According to a recent Reuters poll, 115 out of 117 economists expect the Federal Reserve to lower the Federal Funds Rate by 25 basis points to a range of 3.75%–4.00% during its upcoming policy meeting on October 29.
Looking ahead, 83 of the surveyed economists anticipate two more rate cuts by the end of the year, while 32 expect just one. Among those weighing long-term risks, 25 of 33 respondents believe the biggest threat is that the Fed may lower rates too far by the end of the current easing cycle.
Market Response
Despite growing expectations of further rate cuts, the US Dollar Index (DXY) has risen for a second consecutive day, climbing 0.35% to near 98.95. This suggests market participants are still showing confidence in the US economy or pricing in other global factors favoring the dollar.

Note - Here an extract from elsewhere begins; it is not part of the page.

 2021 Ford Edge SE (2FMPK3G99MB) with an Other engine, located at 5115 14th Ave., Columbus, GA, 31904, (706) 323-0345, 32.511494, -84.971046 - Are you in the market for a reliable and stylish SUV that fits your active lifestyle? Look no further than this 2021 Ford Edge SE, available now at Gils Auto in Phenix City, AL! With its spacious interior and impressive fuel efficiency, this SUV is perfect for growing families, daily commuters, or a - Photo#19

Fed Policy: Key Questions Answered
What does the Federal Reserve do, and how does it affect the US Dollar?
The Fed manages US monetary policy with two main goals: maintaining price stability and promoting maximum employment. Its primary tool is the adjustment of interest rates. When inflation rises above the 2% target, the Fed raises rates to cool the economy, which tends to strengthen the US Dollar by attracting foreign investment. Conversely, when inflation is low or unemployment is high, it lowers rates to stimulate economic activity, often weakening the dollar.
How often does the Fed meet?
The Federal Open Market Committee (FOMC), which sets monetary policy, meets eight times a year. The committee consists of 12 voting members: the seven Fed Governors, the president of the New York Fed, and four rotating regional Fed bank presidents.
What is Quantitative Easing (QE)?
QE is a non-traditional policy tool used in times of crisis or very low inflation. It involves the Fed purchasing large quantities of government bonds to inject liquidity into the financial system. While it supports economic recovery, it typically weakens the US Dollar due to the increase in money supply.
What is Quantitative Tightening (QT)?
QT is the opposite of QE. The Fed reduces its bond holdings by allowing them to mature without reinvestment. This decreases liquidity in the financial system and usually strengthens the US Dollar by tightening financial conditions.